* Short web captions *
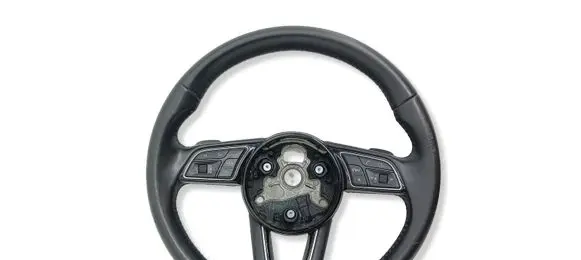 Audi A4 S4 B9 Steering wheel 8W0419091 565425696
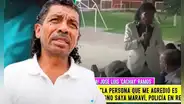 Cómico 'Cachay' pide ayuda tras brutal agresión en pleno show: "Uno necesita para los medicamentos"
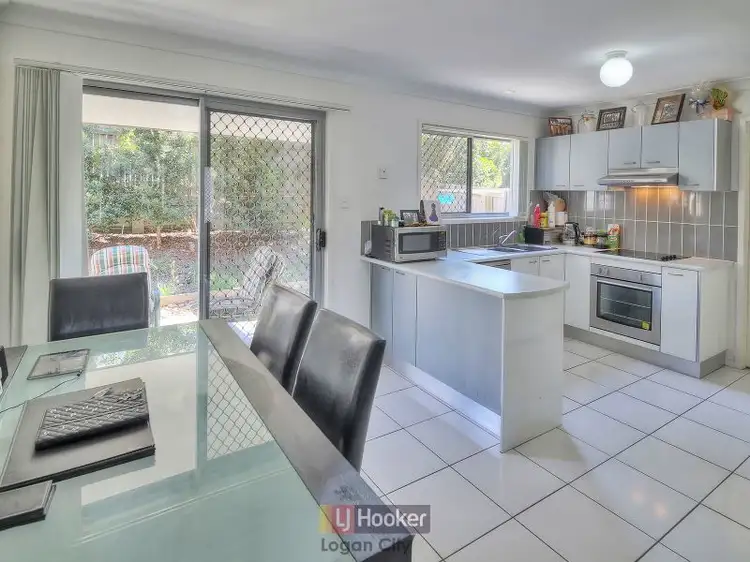 Fourth view of Homely townhouse listing, 22/73-81 Demeio Rd, Marsden QLD 4132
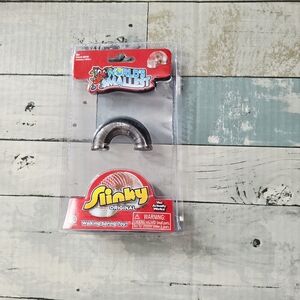 Super Impulse | Worlds Smallest | The Original Slinky | BNWT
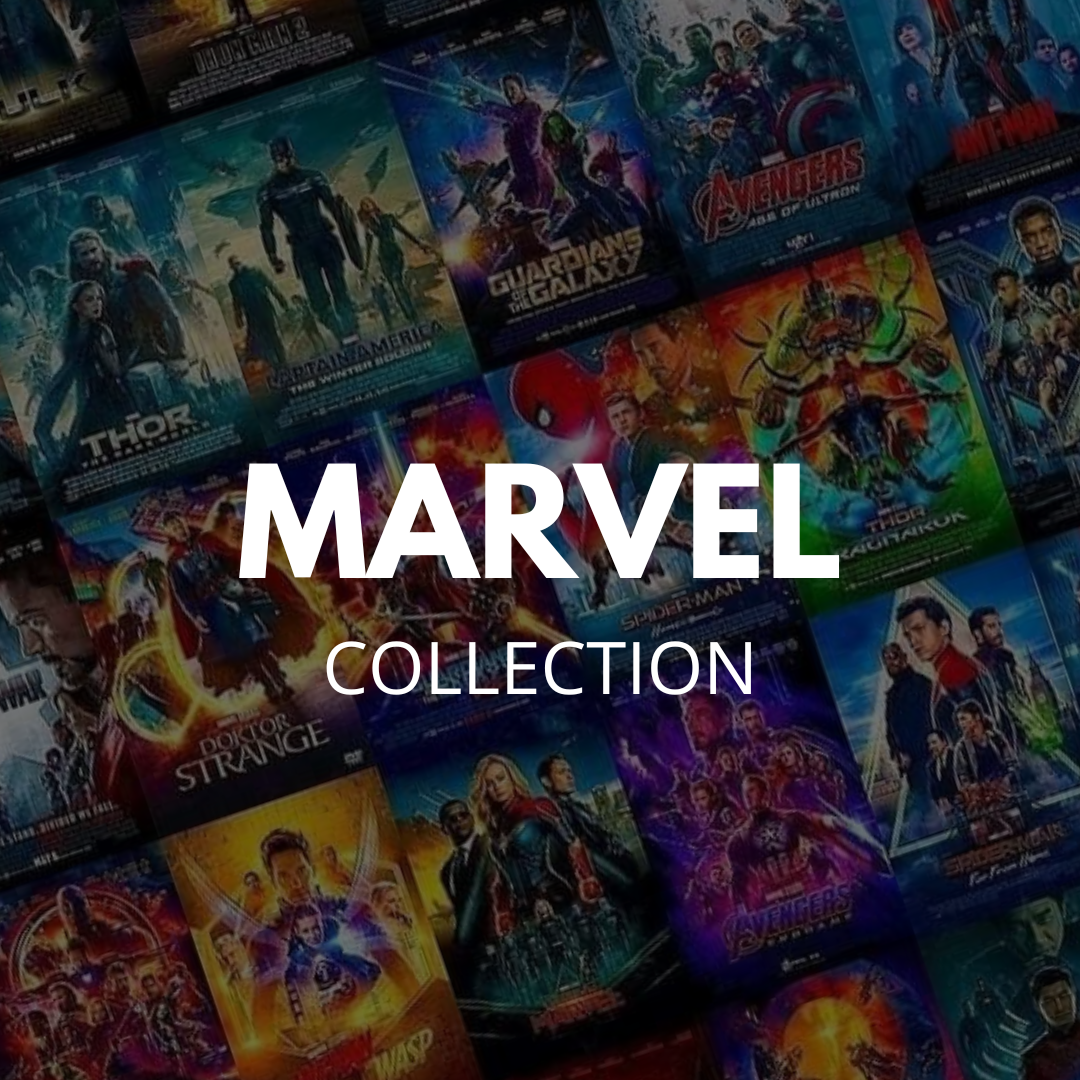 Marvel Collections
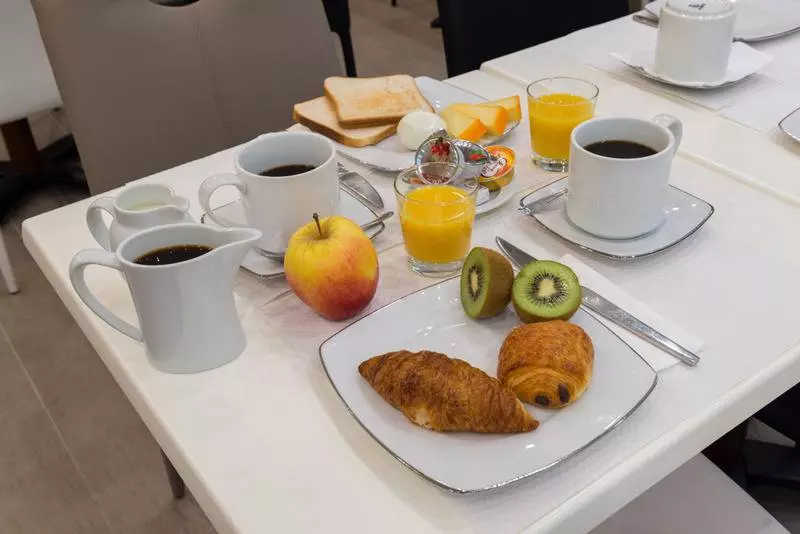 Fotos del hotel Aida Marais:  9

* Your goal *
Once you find the line containing "Marvel Collections", transcribe it and each line after it to the end of the records exactly, and leave out the pictures.

* Written solution *
 Marvel Collections
 Fotos del hotel Aida Marais:  9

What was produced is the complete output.